Together with Goutam Ghosh and Bodhisattva Chattopadhyay Susanne M. Winterling founded The Kalpana (Sanskrit: create, imagine) in 2016. Their collective work centres on what they call the “speculative desert”. Against the backdrop of climate change and increasing desertification sweeping large parts of the world, The Kalpana examines the desert as a site of future visions and science fiction imaginaries. Mapping the speculative desert by three intersecting approaches: geo-cultural, science-fictional and bio-artistic, the respective artistic and cultural research fields of the three Gosh, Chattopadhyay and Winterling unite.
The first institutional exhibition of The Kalpana in desert times at Kunstverein Freiburg consists of two main elements: a map of the speculative desert planet and an accompanying glossary. The interactive, three-dimensional desert map presents the collective’s research on the topic of future species, future artefacts, future codes and invites the viewer to speculatively explore the desert planet. The sources of inspiration are first the collective’s research trips to the Great Rann of Kutch desert salt marsh on the border between India and Pakistan, as well as to the nearby archaeological site Dholavira, which is attributed to the Indus Valley civilisation. Secondly, the collective draws inspiration form desert planets in science fiction, such as fictional descriptions of Mars. The focus lays on the development of possible survival strategies in a desert landscape by learning from and being with other life-forms such as micro-organisms, plants, lizards and camels and non-life-forms, such as mountain ranges and sand formations.
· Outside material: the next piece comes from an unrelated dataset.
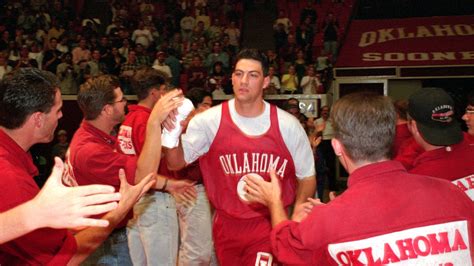 Ryan Minor, ex-Oklahoma Sooners star, fighting Stage IV colon cancer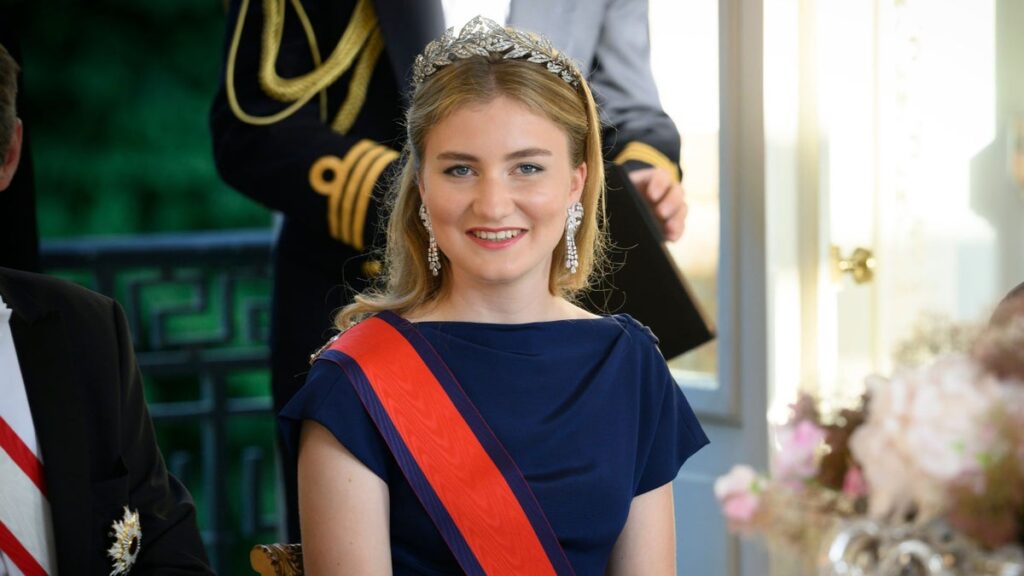 Princess Elisabeth surpasses King Philippe and Queen Mathilde as Belgium’s most popular royal Princess Elisabeth surpasses King Philippe and Queen Mathilde as Belgium's most popular royal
Among many other new works by Susanne M. Winterling, the exhibition includes the hologram of a camel nose (2020). With their body parts and organs, camels have adapted perfectly to the extreme climate of deserts. Through their noses, they absorb the water vapor from the exhaled air to cool their blood, eyes and brain. The show also contained the recent CGI-piece shape shifting dog (2019), based on reports of street dogs in Mumbai, which had turned blue due to chemical water pollution are the starting point for the work that shows the transformation of a dog into a dinofagellate. These unicellular organisms living in the sea are a reminder that the origin of all life comes from the sea and the fact that the creation of the biosphere – the „terraforming“ of the blue planet – is essentially based on microorganisms.